__AVAILABLE RECORDS__:
···

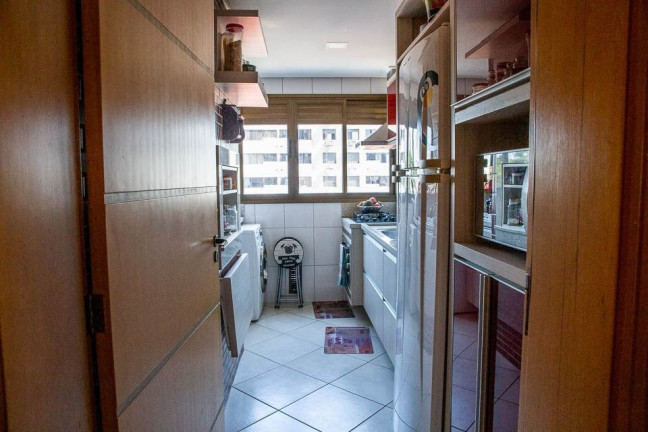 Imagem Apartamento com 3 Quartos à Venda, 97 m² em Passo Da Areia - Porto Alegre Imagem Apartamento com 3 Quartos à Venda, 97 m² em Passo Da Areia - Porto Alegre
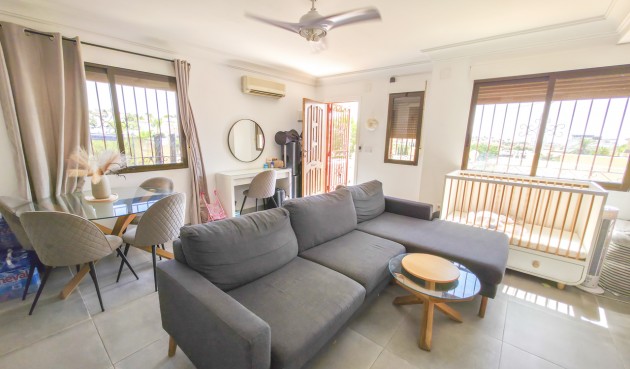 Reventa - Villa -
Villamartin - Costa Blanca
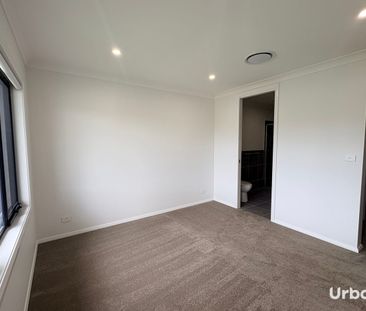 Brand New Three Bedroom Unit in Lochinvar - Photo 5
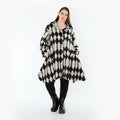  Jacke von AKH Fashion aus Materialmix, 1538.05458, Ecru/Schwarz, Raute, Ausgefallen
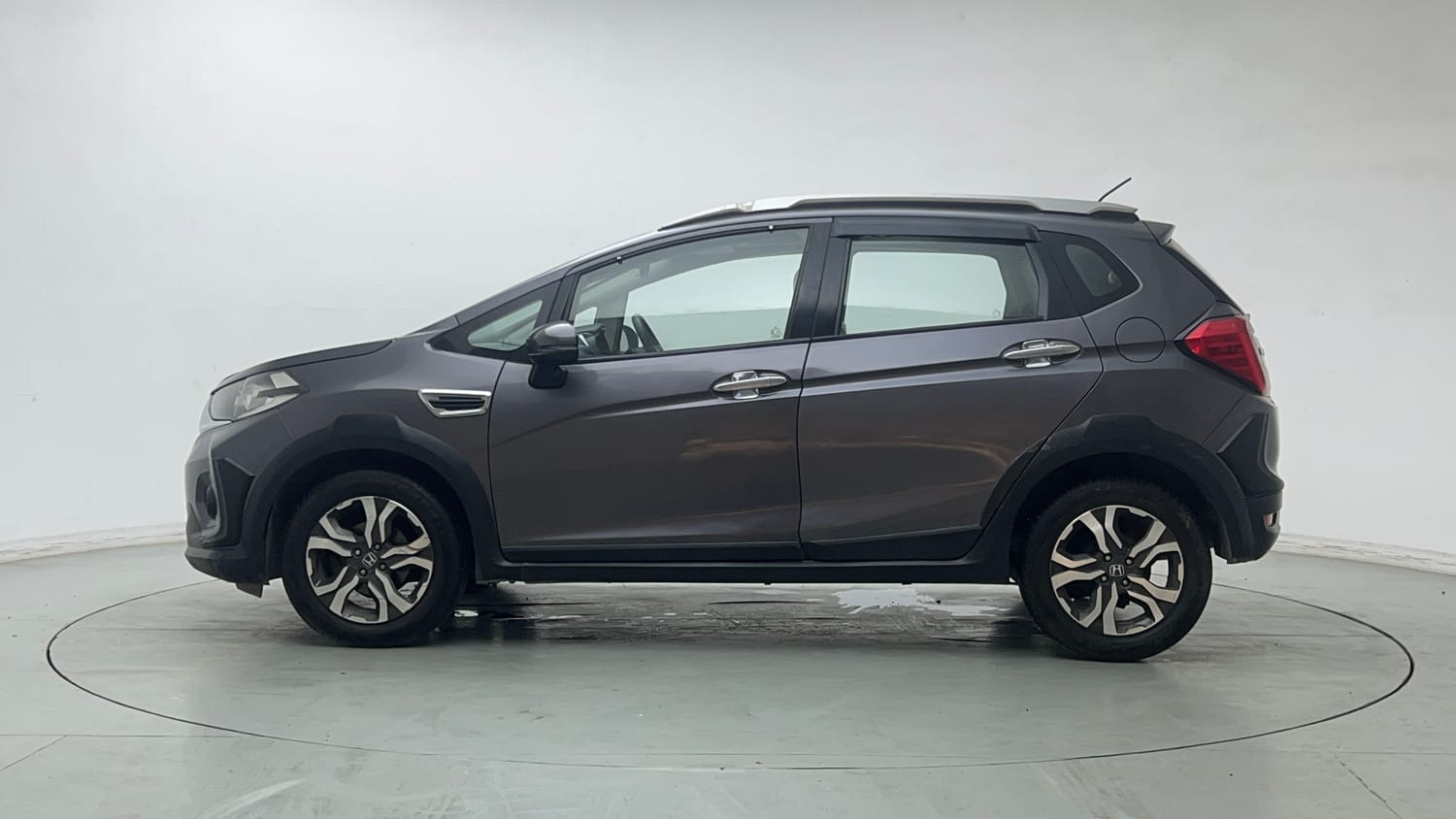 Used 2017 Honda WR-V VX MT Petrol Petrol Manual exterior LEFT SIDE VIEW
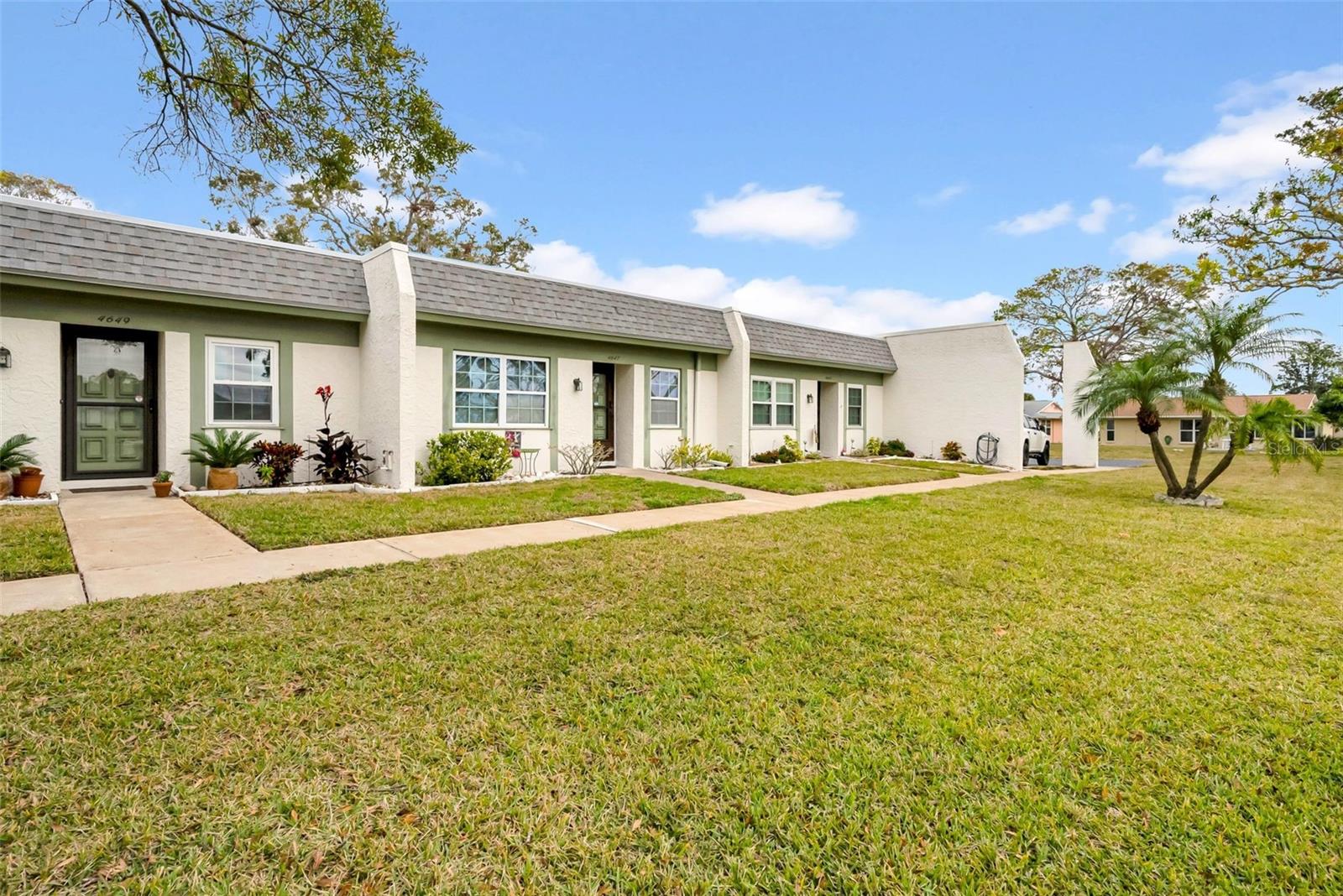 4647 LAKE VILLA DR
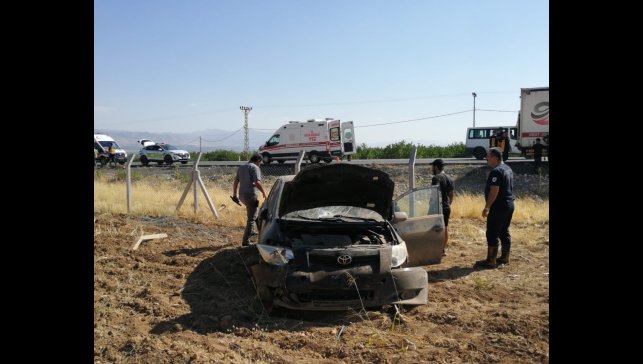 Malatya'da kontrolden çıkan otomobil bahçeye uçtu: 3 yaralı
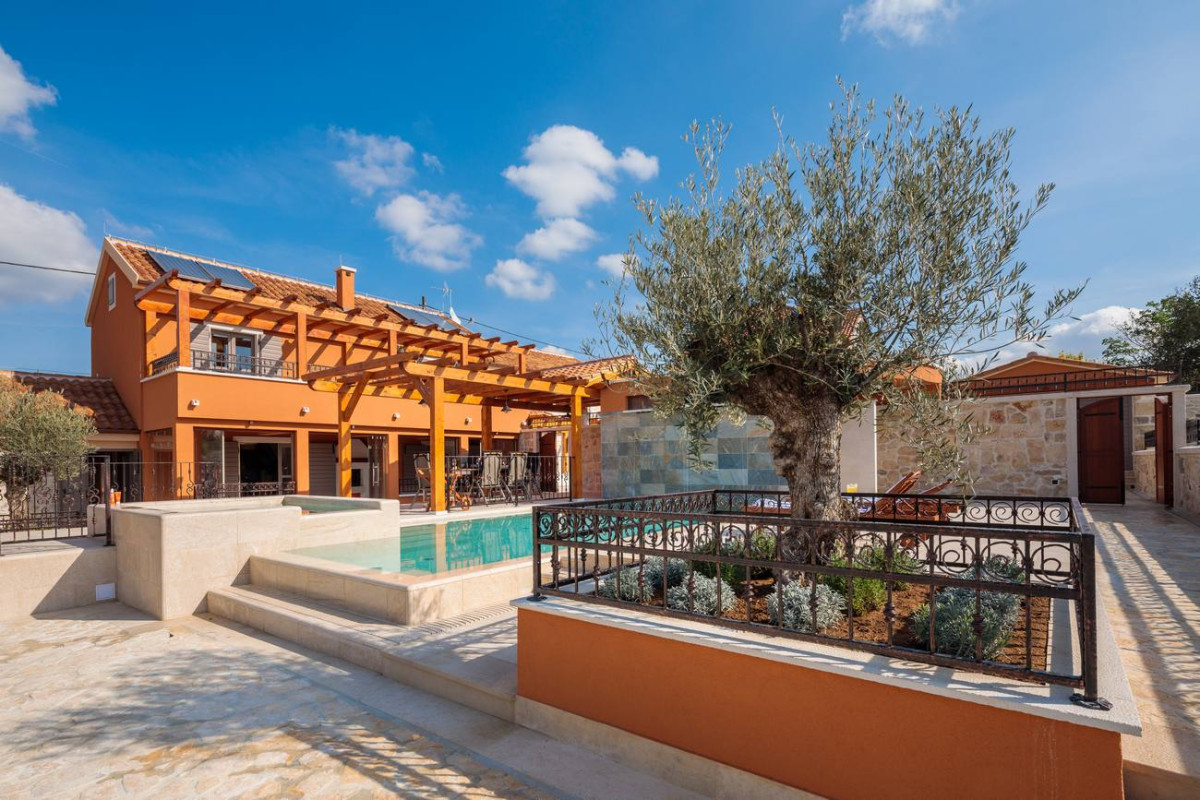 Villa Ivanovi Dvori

···

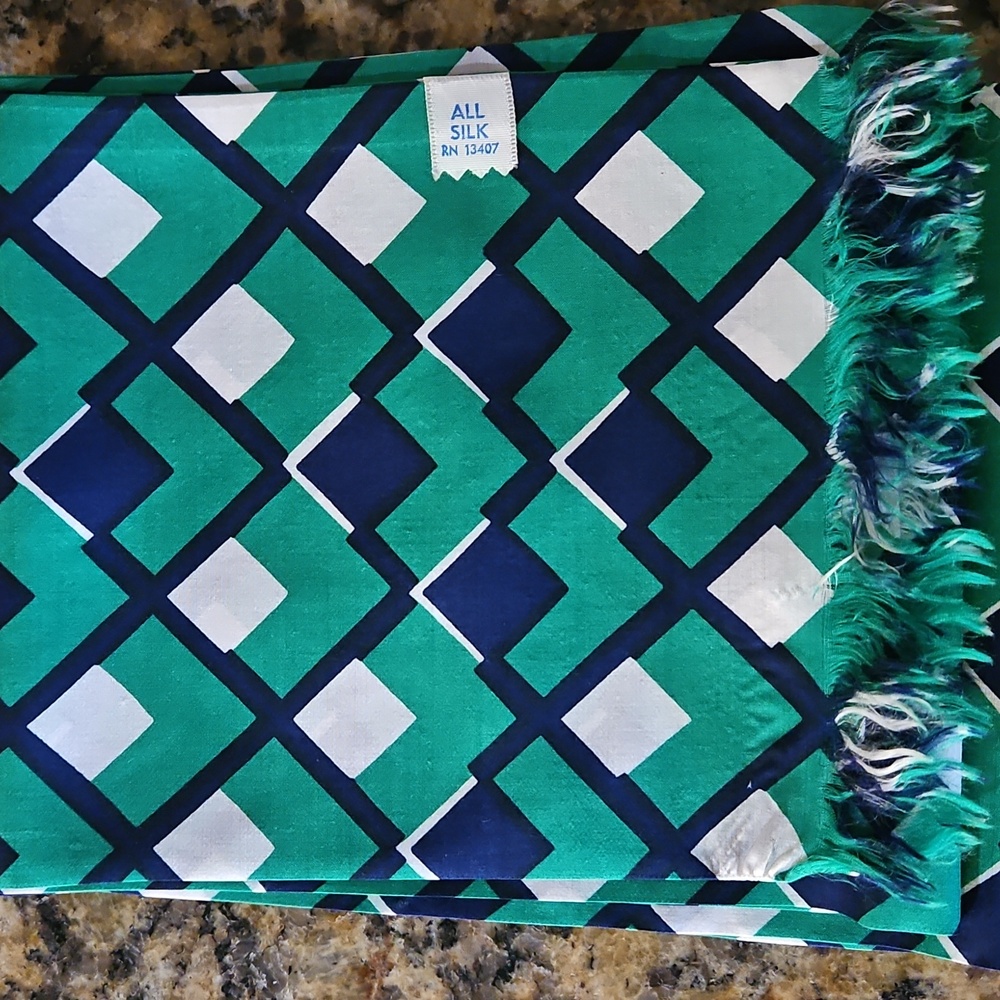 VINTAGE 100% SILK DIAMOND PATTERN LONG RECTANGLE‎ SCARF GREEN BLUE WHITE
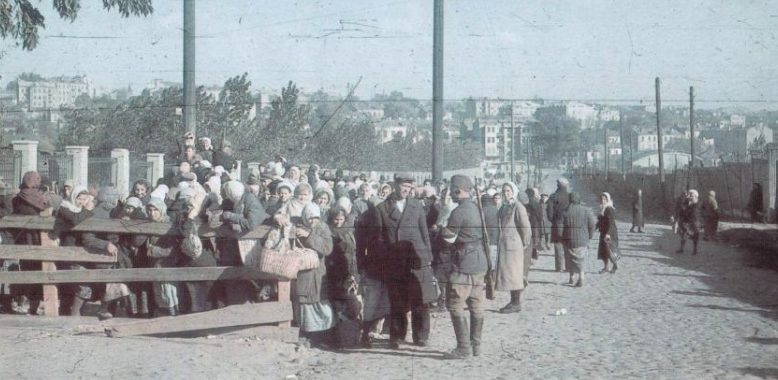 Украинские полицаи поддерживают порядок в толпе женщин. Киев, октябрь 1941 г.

···

__EXERCISE OBJECTIVE__: In the entries above, find the line containing "4647 LAKE VILLA DR" and the line containing "Villa Ivanovi Dvori"; give again exactly those two lines and every line between them, minus the pictures.

__SOLUTION TO THE PROBLEM__:
 4647 LAKE VILLA DR
 Malatya'da kontrolden çıkan otomobil bahçeye uçtu: 3 yaralı
 Villa Ivanovi Dvori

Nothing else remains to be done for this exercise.